The union did not, however, concede the last point. After winning a contentious strike against the privately owned bus companies in early 1941, during which La Guardia had announced plans to have the police guard strikebreakers in the event that the companies attempted to operate, the union made public preparations for a strike against the City if it challenged the union's right to represent these employees or to roll back their contract rights. La Guardia responded by directing the Police Department to develop plans to run the subways in the event of a strike and supporting legislation that made it a crime for workers to leave transit equipment unattended. La Guardia went further and announced that while workers could choose organizations to represent them, the City had no obligation to recognize those organizations as the exclusive representative of those workers or to engage in collective bargaining with them.
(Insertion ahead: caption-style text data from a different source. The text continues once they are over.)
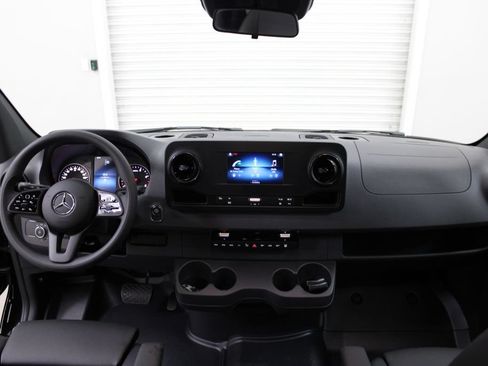 New 2024 Mercedes-Benz Sprinter 2500 image 19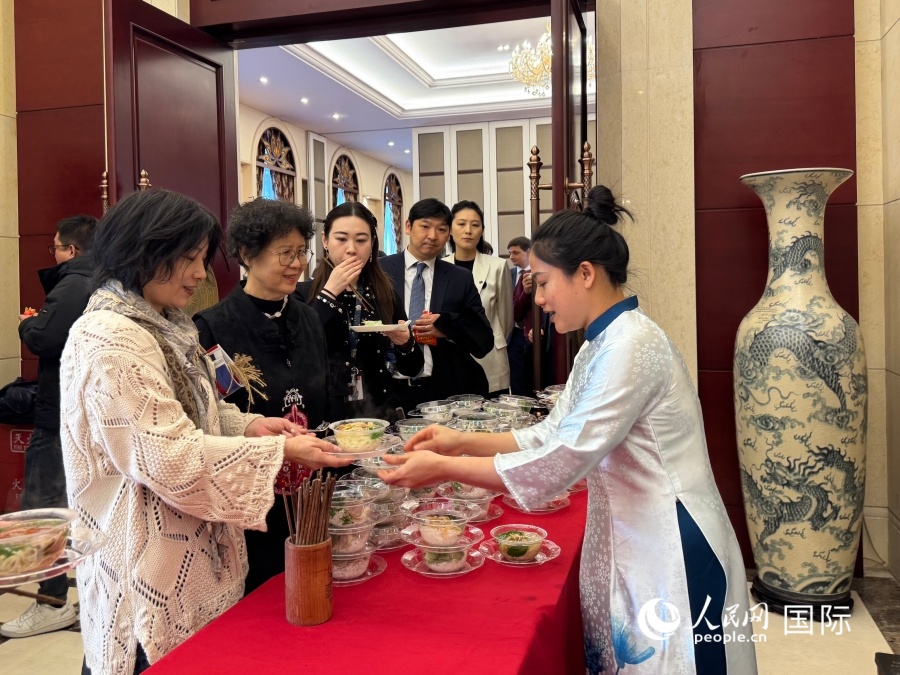 2026年2月5日，越南河粉日现场嘉宾们品尝越南河粉。人民网记者 谢莹摄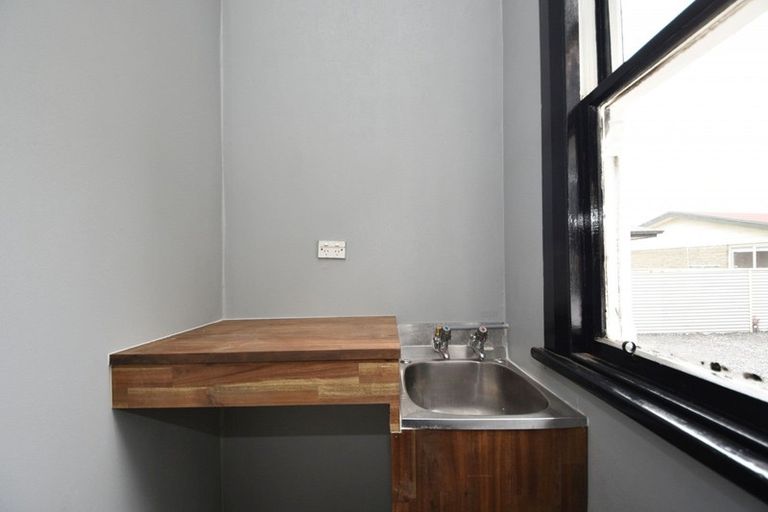 Photo of property in 27 Galway Street, Grasmere, Invercargill, 9810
In the end the adversaries resolved their differences, but in a very ambiguous way, through intermediaries, without actually settling the key issues. With the intervention of the Roosevelt administration and the national leadership of the CIO, the City agreed, in a series of telegrams exchanged in June, 1941 between LaGuardia and Philip Murray of the CIO, to maintain the status quo under the collective bargaining agreements with the TWU that the City had assumed, while agreeing to disagree as to whether they would bargain in the future. The parties also differed on practical details: the City took the position that promotions would be made according to Civil Service requirements, the CIO took the position that seniority provisions would still govern. The union not only survived, but regained much of the ground it had lost among transit workers during the next four years.